══ Data supplied
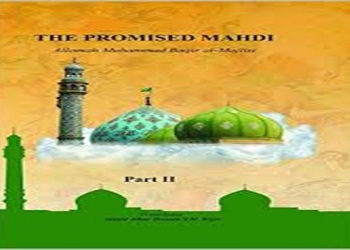 The promised Mahdi 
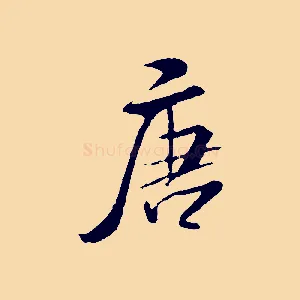 唐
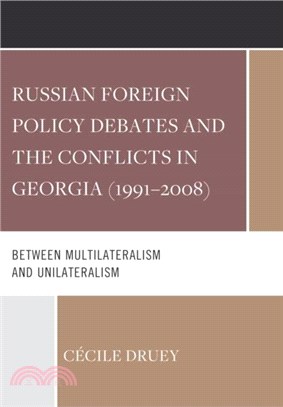 Russian Foreign Policy Debates and the Conflicts in Georgia (1991-2008)：Between Multilateralism and Unilateralism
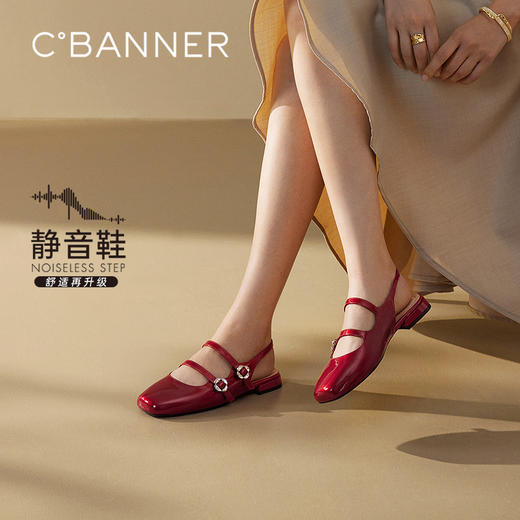 【静音系列】千百度牛漆皮扣式时装凉鞋女玛丽珍凉鞋A25282302 商品图0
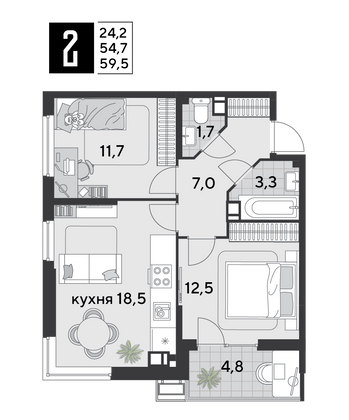 Продажа 2-комнатной квартиры 59,5 м², 6/9 этаж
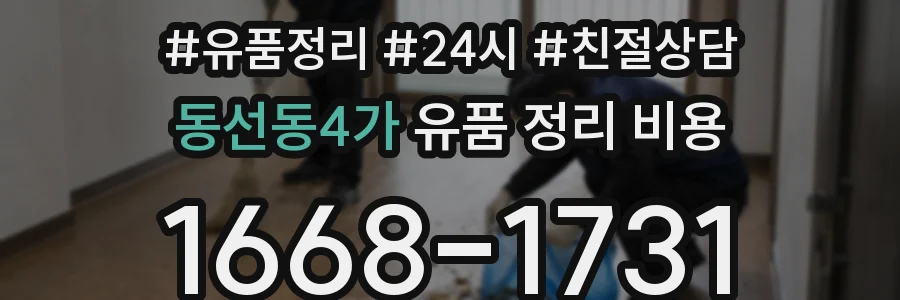 동선동4가 유품 정리 비용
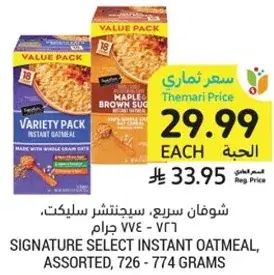 شوفان سريع، سيلكتشر 726 - 774 جرام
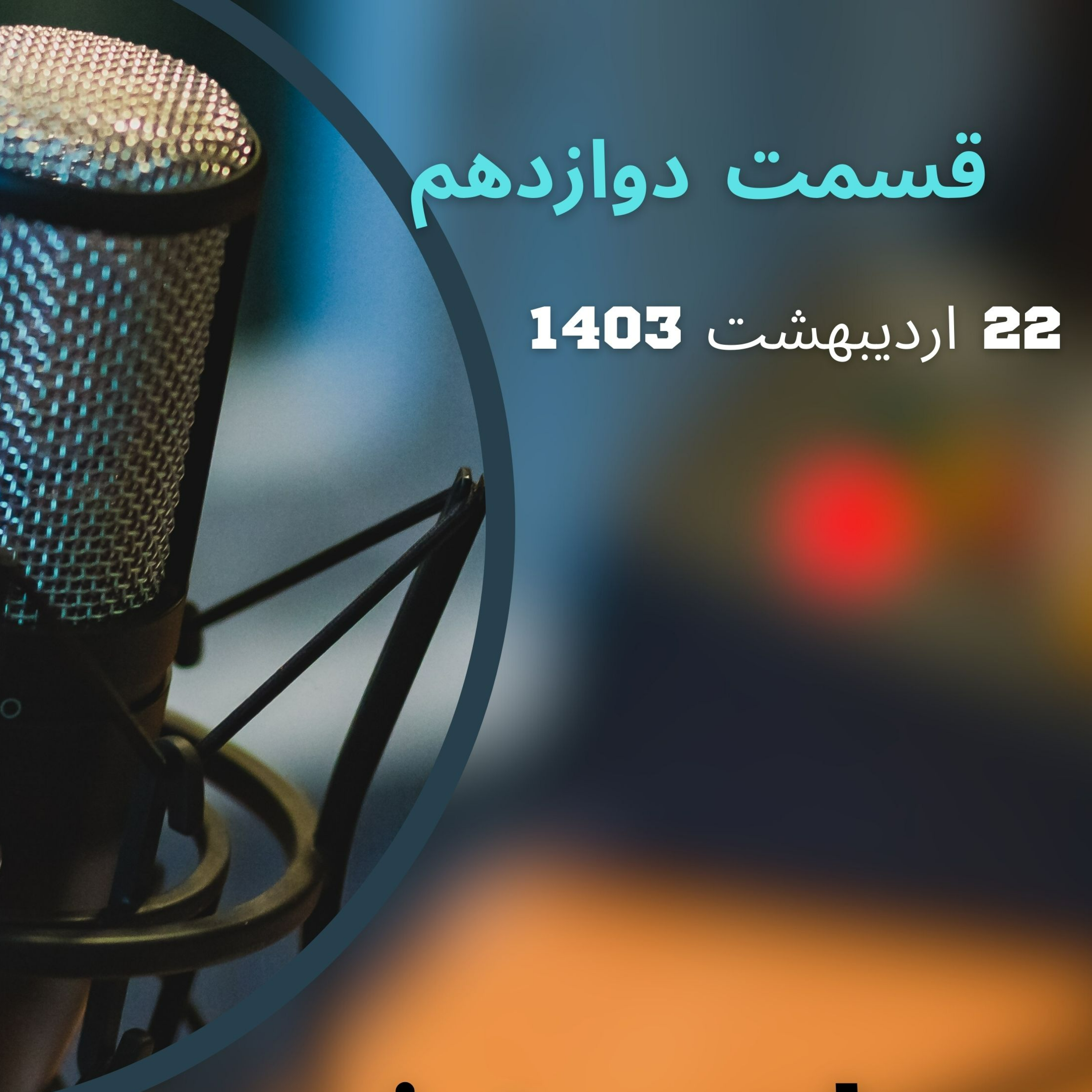 کاور جهان ورزش قسمت دوازدهم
════
_Task to carry out:_ Locate "شوفان سريع، سيلكتشر 726 - 774 جرام" in the listing above, then print exactly the lines from that line through the final one, omitting all pictures.

_Response to the exercise:_
 شوفان سريع، سيلكتشر 726 - 774 جرام
 کاور جهان ورزش قسمت دوازدهم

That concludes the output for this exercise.